**What you are asked to do**
Transcribe each record word for word. Skip the images.

* * *

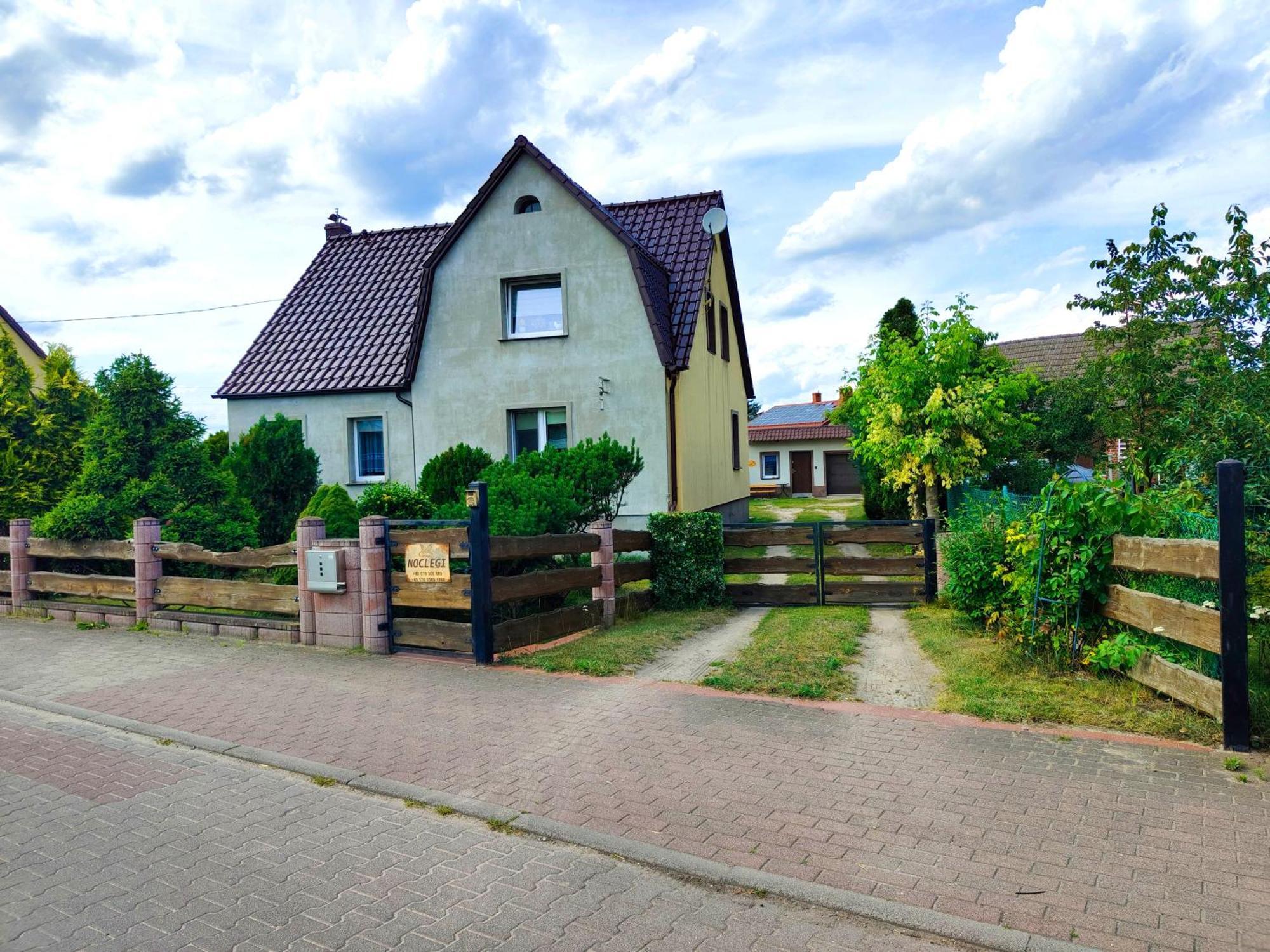 Noclegi - Pokoj Rowerowy W Dolinie Baryczy - Anielska Sielanka Milicz Exterior foto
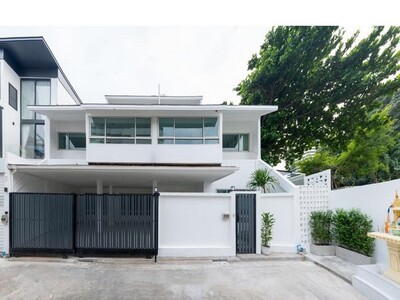 ขายทาวน์โฮม 3 ชั้น หลังใหญ่ 48 ตรว. 440 ตร.ม. ซอยสุขุมวิท15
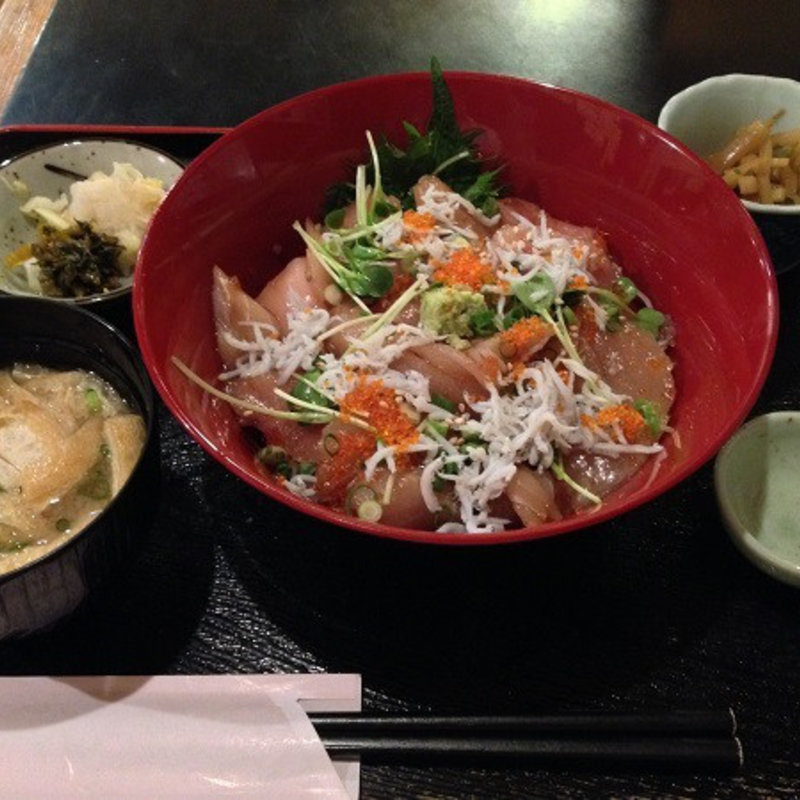 マグロの漬け丼(梓川 （あずさがわ）)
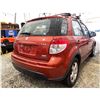 Image 14 : PARKSVILLE - 2010 SUZUKI SX4 ORANGE  129491 KMS - 300182-3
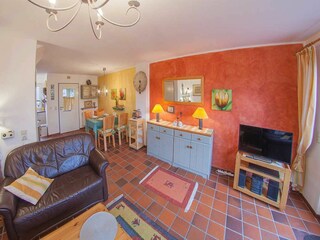 TV/Unterhaltung: Wohnbereich in Sonnenfarben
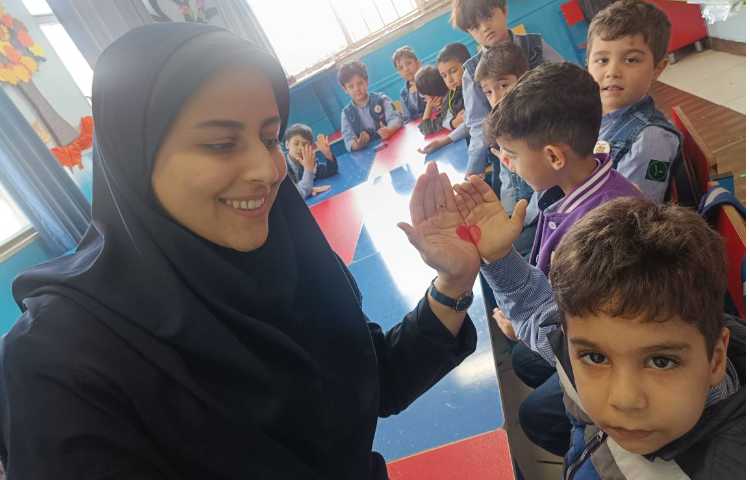 کلاس مناسبتی موضوع روز مهربانی 8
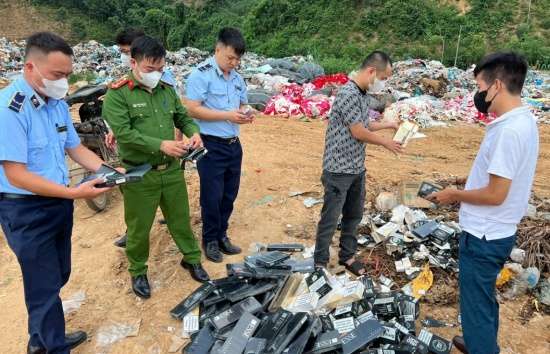 Yên Bái: Tiêu hủy 1.150 bao thuốc lá điếu nhập lậu các loại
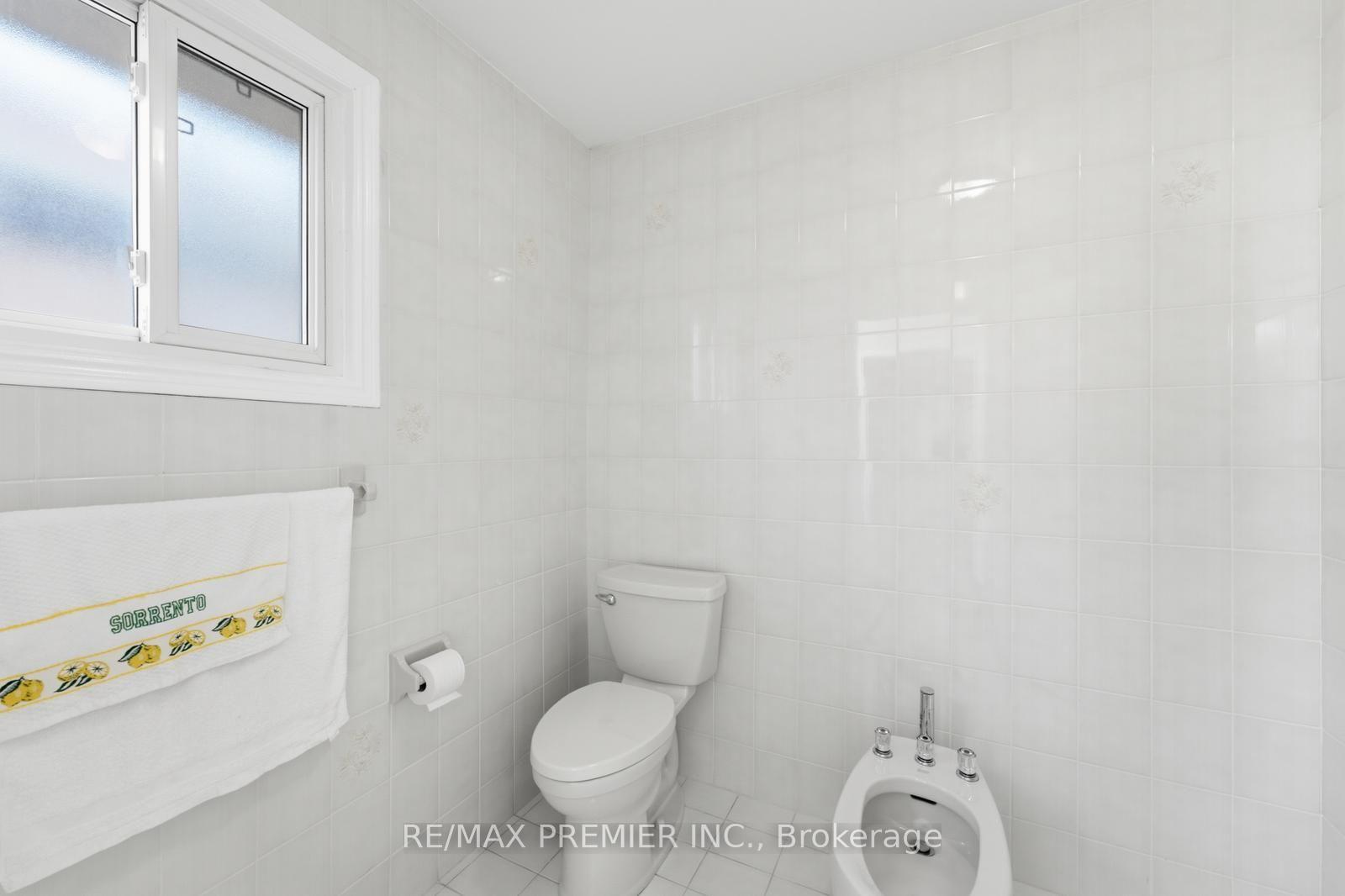 Photo 33 of 122 Spring Town Road, Vaughan, East Woodbridge — HOMEH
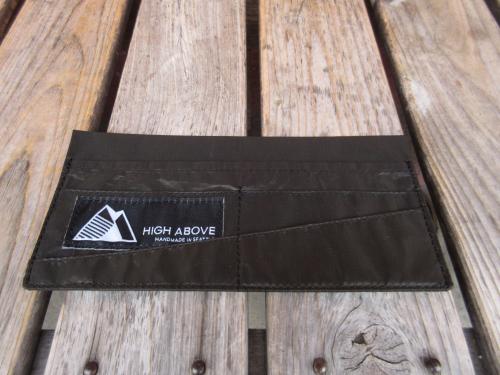 ���� HIGH ABOVE Cuben Wallet Brown Black acc070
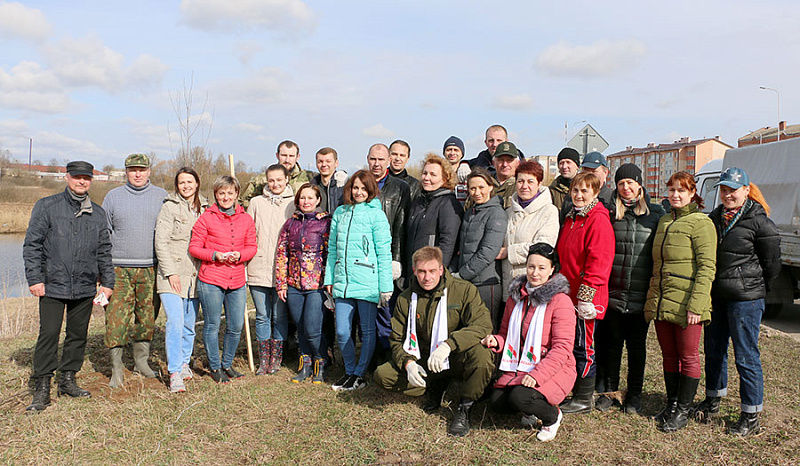 3 апреля сотрудники комитета приняли участие в субботнике, который прошел в Слуцке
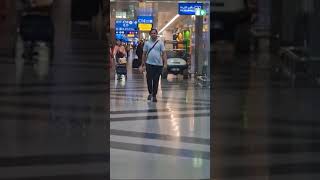 waking in Dubai Airport dubailife airport dxb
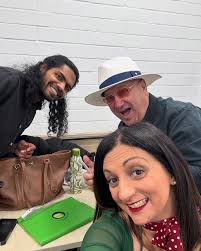 Steve Searle is a super-talented multi-instrumentalist 🎶 that specializes  in saxophone 🎷, clarinet, flute, trumpet 🎺, and trombone. He studied Jazz  Performance and Music Education at the Western Australian Academy of  Performing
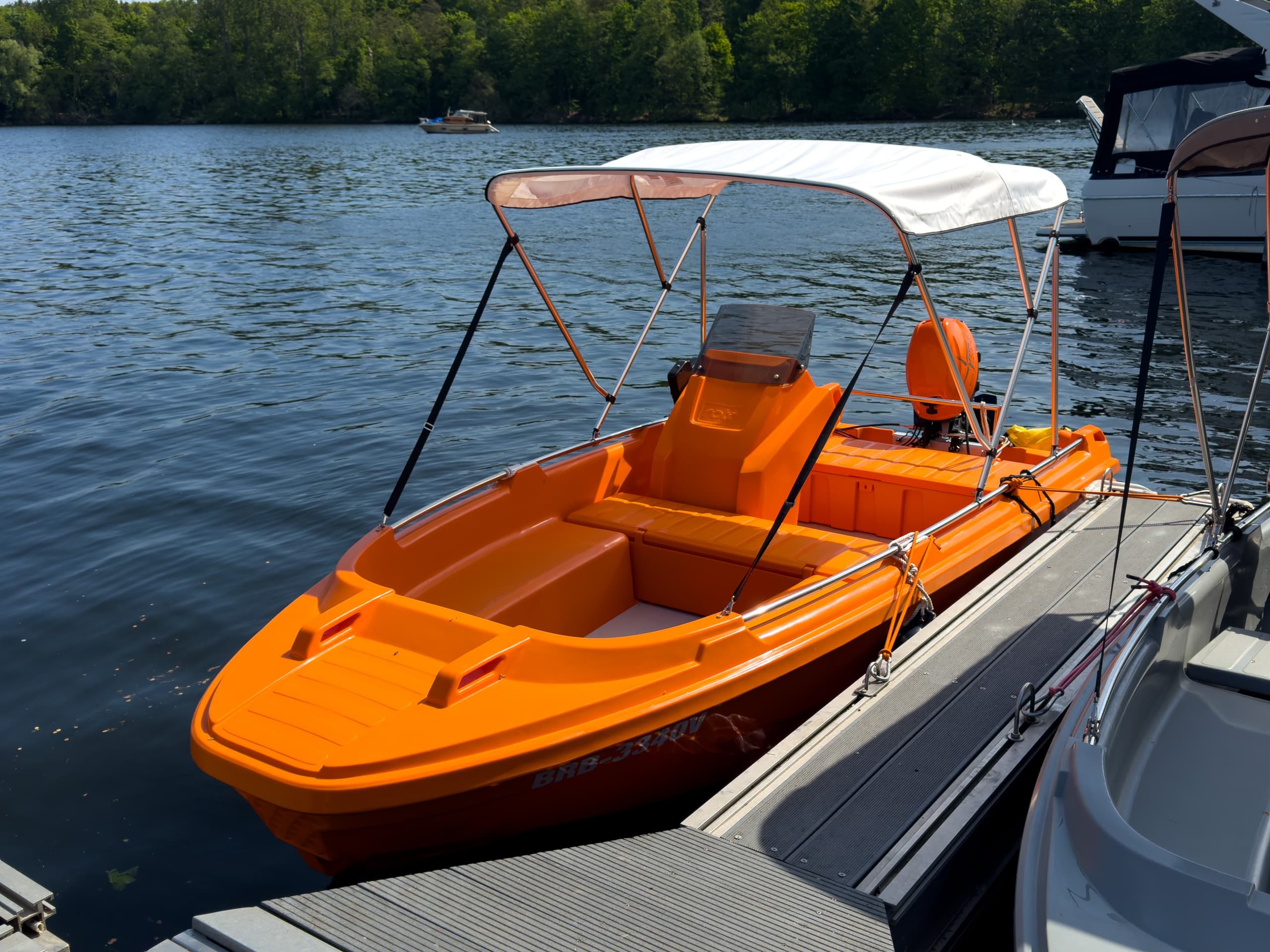 HYDRA 450 Motorboat Rental with Bootsvermietung Moisl in Potsdam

* * *

**Task answer**
 Noclegi - Pokoj Rowerowy W Dolinie Baryczy - Anielska Sielanka Milicz Exterior foto
 ขายทาวน์โฮม 3 ชั้น หลังใหญ่ 48 ตรว. 440 ตร.ม. ซอยสุขุมวิท15
 マグロの漬け丼(梓川 （あずさがわ）)
 Image 14 : PARKSVILLE - 2010 SUZUKI SX4 ORANGE  129491 KMS - 300182-3
 TV/Unterhaltung: Wohnbereich in Sonnenfarben
 کلاس مناسبتی موضوع روز مهربانی 8
 Yên Bái: Tiêu hủy 1.150 bao thuốc lá điếu nhập lậu các loại
 Photo 33 of 122 Spring Town Road, Vaughan, East Woodbridge — HOMEH
 ���� HIGH ABOVE Cuben Wallet Brown Black acc070
 3 апреля сотрудники комитета приняли участие в субботнике, который прошел в Слуцке
 waking in Dubai Airport dubailife airport dxb
 Steve Searle is a super-talented multi-instrumentalist 🎶 that specializes  in saxophone 🎷, clarinet, flute, trumpet 🎺, and trombone. He studied Jazz  Performance and Music Education at the Western Australian Academy of  Performing
 HYDRA 450 Motorboat Rental with Bootsvermietung Moisl in Potsdam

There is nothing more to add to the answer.